Beginner or advanced investors looking to enter the exchange-traded fund (ETF) space may have also crossed paths with mutual funds through their own research or maybe an advisor mentioned them as an option. It may be because mutual funds have been around since the 1920s, but really rose to prominence in the 1980s and 1990s, while the rise of the ETF has taken place in just the past 10 years.

A prospective investor deciding whether to allocate his or her capital into an ETF over a mutual fund may depend on the specific individual’s investment goals–each fund will allow an investor to reap its benefits of each as long as it’s aligned with the right goals. As such, here are three reasons an investor may want to choose an ETF versus a mutual fund.

1. Adaptability in Short-Term Trading

ETFs can be bought and sold like stocks at an exchange–their price is also determined by the supply and demand for that particular ETF. Because ETFs trade like stocks, it makes them suitable investments for short-term traders looking to profit from holding assets for a limited amount of time, whether it’s a few months, a couple of weeks, a day or 30 minutes.

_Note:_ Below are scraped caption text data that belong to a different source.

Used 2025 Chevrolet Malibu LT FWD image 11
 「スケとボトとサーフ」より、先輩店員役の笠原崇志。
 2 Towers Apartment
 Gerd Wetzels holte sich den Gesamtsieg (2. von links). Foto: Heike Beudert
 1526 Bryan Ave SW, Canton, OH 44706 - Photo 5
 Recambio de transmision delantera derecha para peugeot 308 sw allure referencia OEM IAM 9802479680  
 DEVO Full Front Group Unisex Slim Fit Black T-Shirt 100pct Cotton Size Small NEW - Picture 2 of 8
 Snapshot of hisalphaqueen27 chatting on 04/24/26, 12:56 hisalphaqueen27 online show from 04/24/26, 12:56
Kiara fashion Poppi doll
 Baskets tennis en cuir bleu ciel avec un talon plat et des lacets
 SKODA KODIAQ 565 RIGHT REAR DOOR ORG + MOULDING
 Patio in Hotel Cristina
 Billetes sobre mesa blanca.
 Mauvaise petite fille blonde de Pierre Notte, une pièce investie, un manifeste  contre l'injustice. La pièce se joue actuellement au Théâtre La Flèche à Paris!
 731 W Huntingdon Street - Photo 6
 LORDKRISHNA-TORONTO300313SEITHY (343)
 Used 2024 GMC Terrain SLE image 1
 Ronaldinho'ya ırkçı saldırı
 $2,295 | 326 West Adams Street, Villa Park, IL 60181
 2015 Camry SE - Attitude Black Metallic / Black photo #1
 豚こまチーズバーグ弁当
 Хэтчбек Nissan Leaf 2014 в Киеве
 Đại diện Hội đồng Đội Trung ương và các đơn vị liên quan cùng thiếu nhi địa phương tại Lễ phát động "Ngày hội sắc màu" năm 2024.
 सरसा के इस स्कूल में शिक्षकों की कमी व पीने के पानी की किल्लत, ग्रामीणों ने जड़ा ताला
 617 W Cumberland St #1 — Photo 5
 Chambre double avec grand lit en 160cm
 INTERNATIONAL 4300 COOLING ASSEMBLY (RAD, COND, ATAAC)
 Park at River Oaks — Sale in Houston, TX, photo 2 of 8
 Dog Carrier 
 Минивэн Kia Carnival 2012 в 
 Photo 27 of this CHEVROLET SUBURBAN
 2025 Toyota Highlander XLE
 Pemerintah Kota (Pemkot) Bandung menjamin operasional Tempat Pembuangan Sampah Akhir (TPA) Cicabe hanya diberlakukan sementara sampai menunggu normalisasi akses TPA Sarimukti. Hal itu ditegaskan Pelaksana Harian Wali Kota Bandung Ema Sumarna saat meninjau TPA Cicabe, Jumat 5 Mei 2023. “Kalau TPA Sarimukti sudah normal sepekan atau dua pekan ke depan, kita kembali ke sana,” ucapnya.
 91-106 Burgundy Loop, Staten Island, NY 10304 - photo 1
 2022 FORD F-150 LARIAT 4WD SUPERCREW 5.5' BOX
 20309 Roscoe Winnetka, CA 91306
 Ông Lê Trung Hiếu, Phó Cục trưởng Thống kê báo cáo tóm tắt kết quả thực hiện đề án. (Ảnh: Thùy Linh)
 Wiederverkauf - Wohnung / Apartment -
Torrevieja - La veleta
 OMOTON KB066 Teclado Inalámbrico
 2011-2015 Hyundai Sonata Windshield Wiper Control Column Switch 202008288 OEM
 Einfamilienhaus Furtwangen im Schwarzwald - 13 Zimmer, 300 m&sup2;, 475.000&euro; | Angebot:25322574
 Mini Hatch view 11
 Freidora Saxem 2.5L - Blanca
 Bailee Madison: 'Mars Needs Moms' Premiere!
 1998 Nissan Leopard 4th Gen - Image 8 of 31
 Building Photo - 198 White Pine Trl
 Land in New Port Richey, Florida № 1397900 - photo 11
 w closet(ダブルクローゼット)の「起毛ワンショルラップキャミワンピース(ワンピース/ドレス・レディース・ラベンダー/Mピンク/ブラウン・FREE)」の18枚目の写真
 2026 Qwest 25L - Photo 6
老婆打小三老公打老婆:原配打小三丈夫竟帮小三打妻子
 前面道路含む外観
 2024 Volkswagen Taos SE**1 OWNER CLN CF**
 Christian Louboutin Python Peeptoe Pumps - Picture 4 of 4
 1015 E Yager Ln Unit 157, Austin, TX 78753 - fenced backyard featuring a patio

Depending on the liquidity of the ETF–it’s ability to be converted to cash quickly–traders can enter and exit ETF positions quickly. Mutual funds simply can’t be traded at the requisite speed of ETFs that some short-term traders desire.

“Traditional open-end mutual fund shares are traded only once per day after the markets close,” noted Fidelity Investments. “All trading is done with the mutual fund company that issues the shares. Investors must wait until the end of the day when the fund net asset value (NAV) is announced before knowing what price they paid for new shares when buying that day and the price they will receive for shares they sold that day. Once-per-day trading is fine for most long-term investors, but some people require greater flexibility.”

Furthermore, investment firms have a wide variety of ETFs an investors can choose from if he or she wants to corner a specific area of the capital markets, such as stocks, bonds or commodities. There are even thematic ETFs that invest in environmental, social and governance (ESG) issues.

2. Daily Transparency

Just like it’s important for a stock investor to know a company’s fundamentals, such as its revenue, earnings and expenses, an ETF investors wants to know what holdings that particular fund comprises. It’s akin to a sports fan wanting to know which players are on the roster of their favorite team.

Key regulations that govern mutual funds–the Investment Act of 1940, the Securities Act of 1933 and the Securities Act of 1934–require mutual funds to disclose their holdings on a quarterly or monthly basis. In between those reporting periods, the roster of companies the mutual funds invests in could have changed dramatically given the current market conditions and goals of the fund.